Van Patten said Liqid plans to combine four of Toshiba's XG6-P client SSDs for higher capacity and unified performance of more than a million IOPS. He said raw performance and cost are more important than endurance in Liqid's application.
New XG6-P vs. predecessors
The new Toshiba M.2 SSD delivers a 30% improvement in sequential and random-write performance and a 15% boost in random-read speed over its XG5-P predecessor and matches the performance of the XG6. The XG6-P and XG6 use the same controller, but the XG6-P has different firmware and full-range DRAM to balance and sustain performance, Van Patten said.
The XG6-P SSD supports ultrafast NVMe-based PCI Express (PCIe) Gen 3 technology for low-latency and consistent performance. Toshiba claimed the XG6-P could deliver up to 3.2 GBps for sequential reads and 2.9 GBps for sequential writes, and 355,000 IOPS for random reads and 365,000 IOPS for random writes.
In addition to boot drives in servers, the new Toshiba M.2 SSD could see enterprise use for operations such as logging and caching in servers, according to Van Patten. He said client SSDs tend to focus on background operations, where they're not under the same level of stress as data center and enterprise SSDs designed for round-the-clock use.

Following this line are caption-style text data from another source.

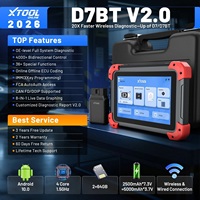 Nuovo Aggiornamento 2026 XTOOL D7 BT 36+Reset Wifi Wireless Strumento Diagnostico per Tutti i Sistemi, Codifica ECU, Programmazione Chiavi, Scanner OBD2 con FCA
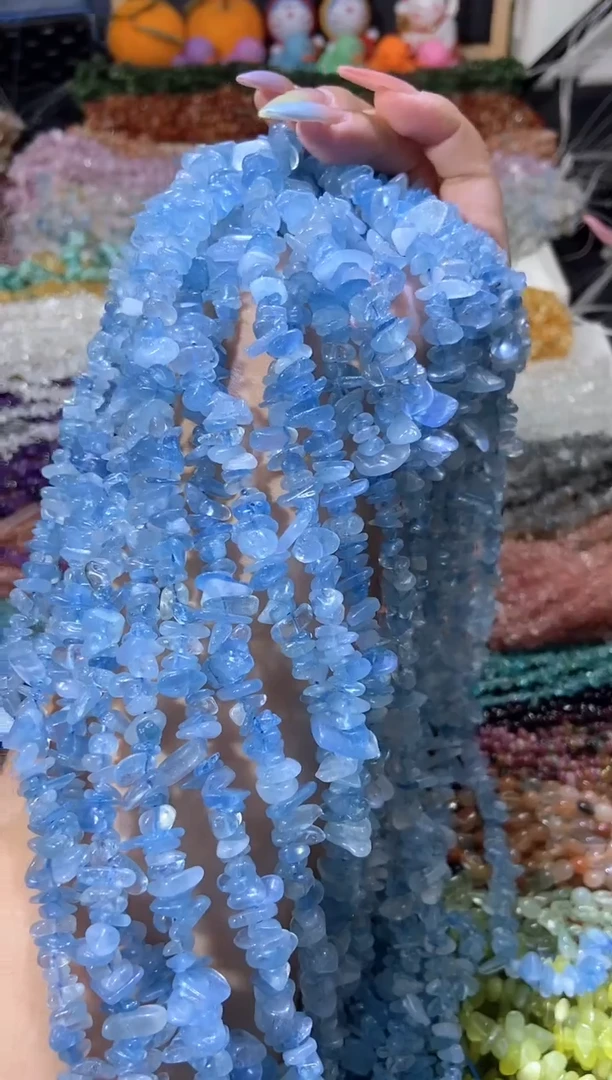 水晶珠宝半成品未镶嵌海蓝宝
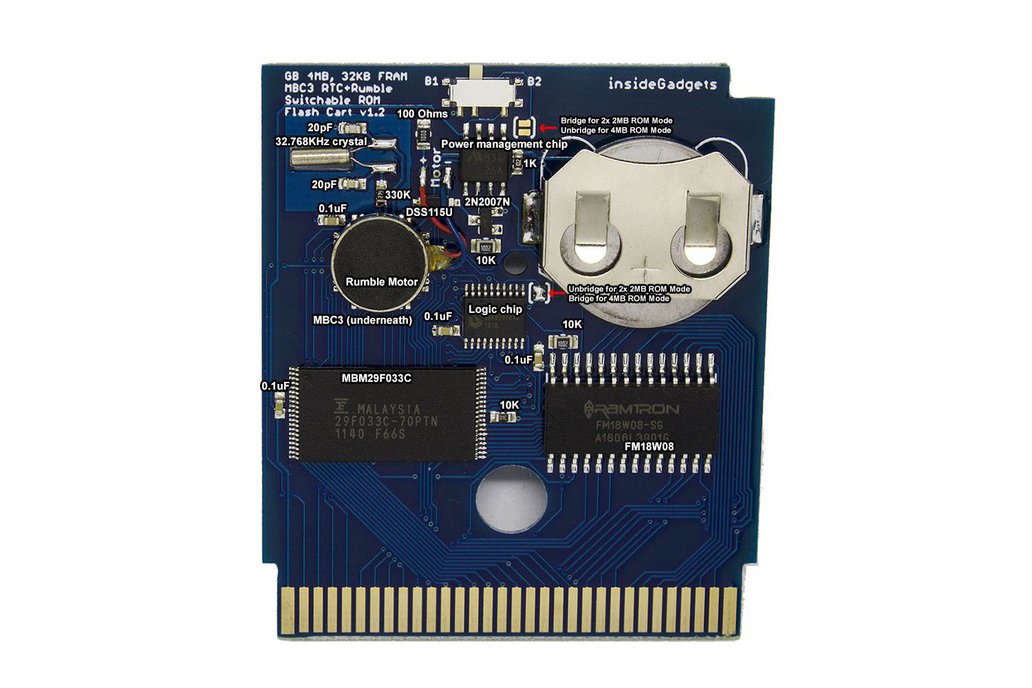 Gameboy 4MB 32KB FRAM MBC3 RTC Flash Cart (DIY) 1
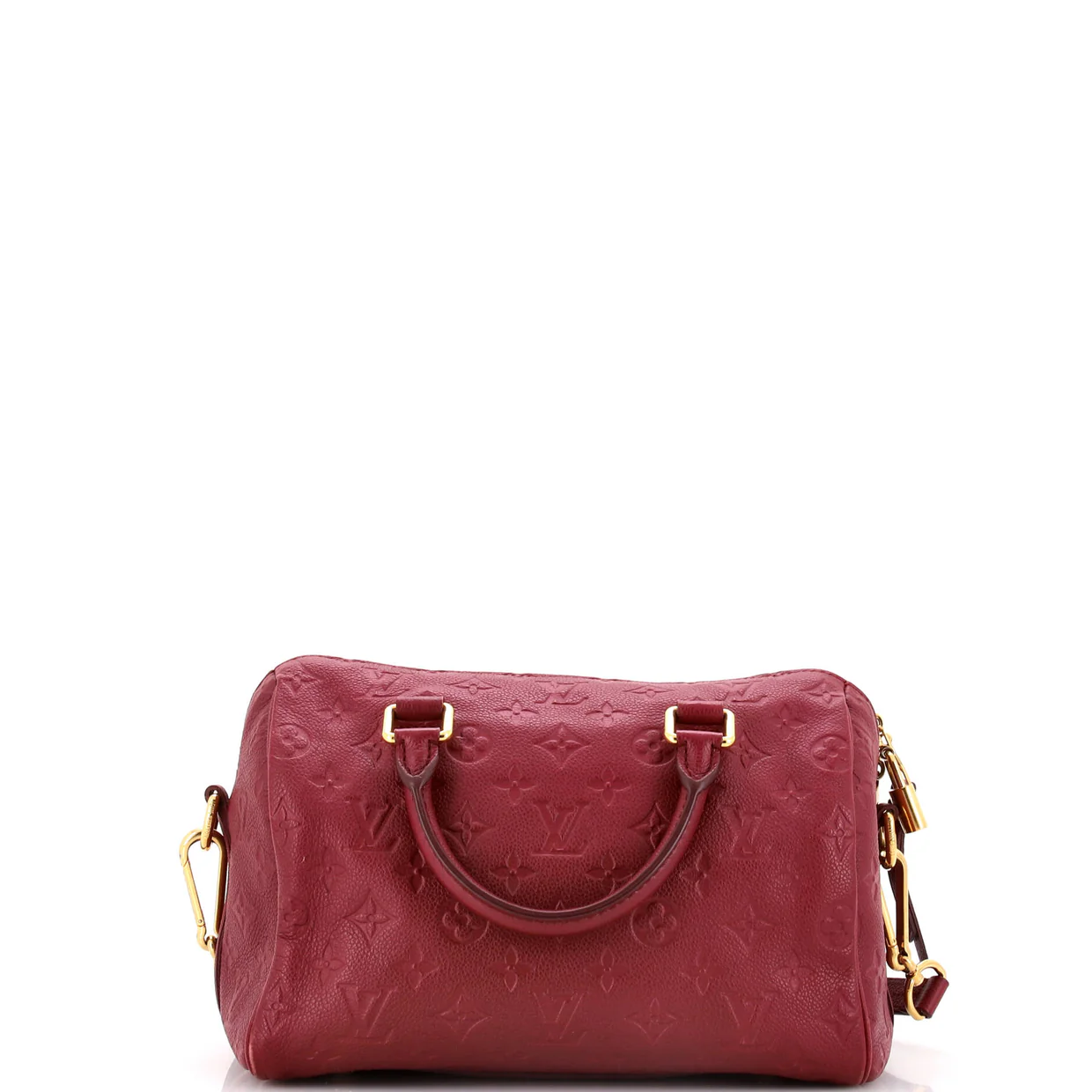 Speedy Bandouliere Bag Monogram Empreinte Leather 25 - Deep Luxury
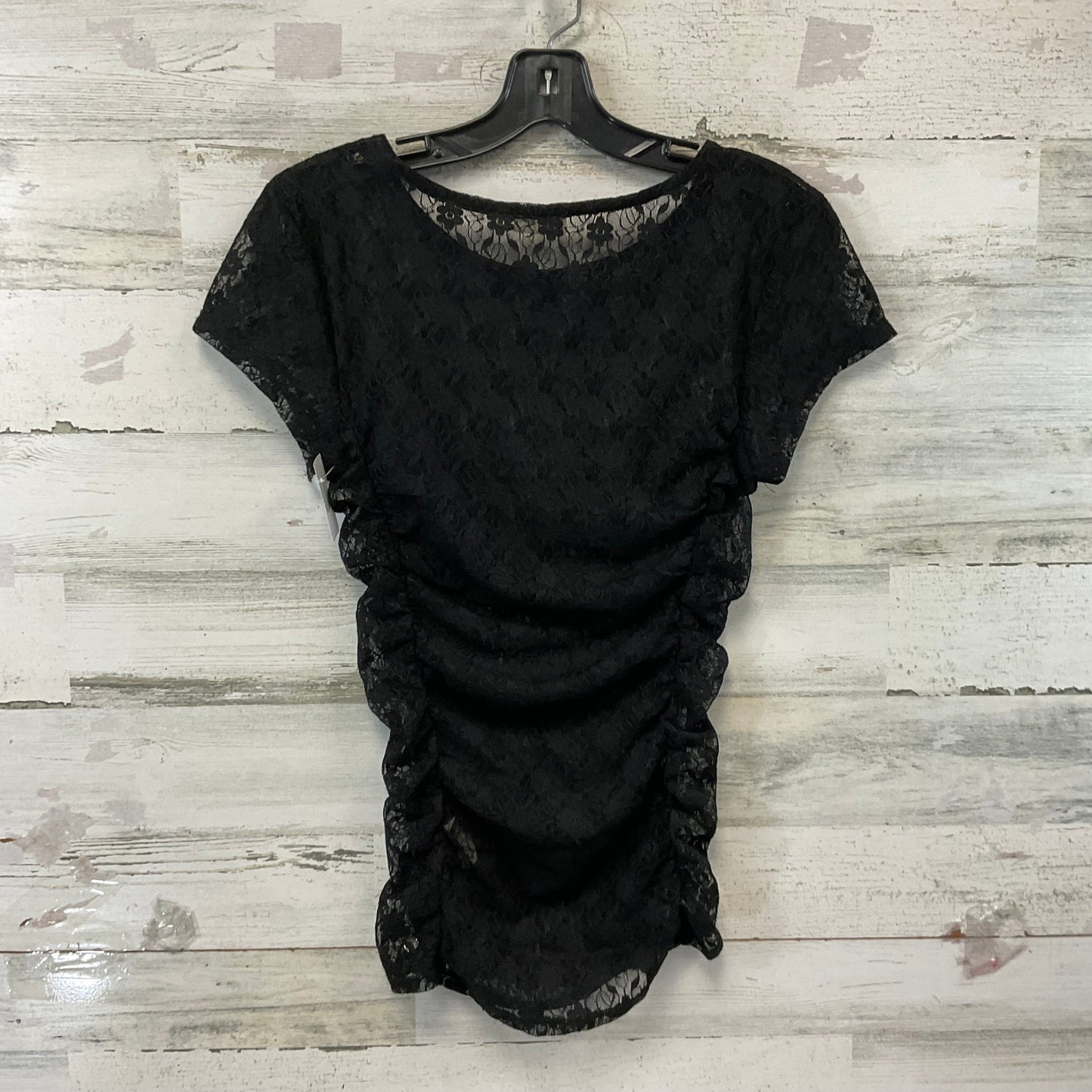 Blouse Short Sleeve By Free People In Black, Size: M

"They're not designed to replace enterprise drives or data center drives," Van Patten said.
Van Patten said the new Toshiba M.2 SSD could be a good fit in scenarios where the cost of flash is the primary concern. He noted they consume only about 5 watts of power in active mode and idle at a single watt or less, whereas an enterprise SSD might idle at 5 or 10 watts.
Toshiba sells the XG6-P through OEMs, so pricing was unavailable. The new Toshiba M.2 SSD began sampling last month in a single-sided 22-mm-by-80-mm form factor. Toshiba is hardly the only vendor to sell client M.2 SSDs for enterprise and data center boot purposes. Competitors include Samsung and Western Digital.
In the enterprise NVMe SSD space, Toshiba significantly trails Samsung and Intel, which combined for roughly two-thirds of the market in the first quarter of this year, according to Greg Wong, founder and principal analyst at Forward Insights.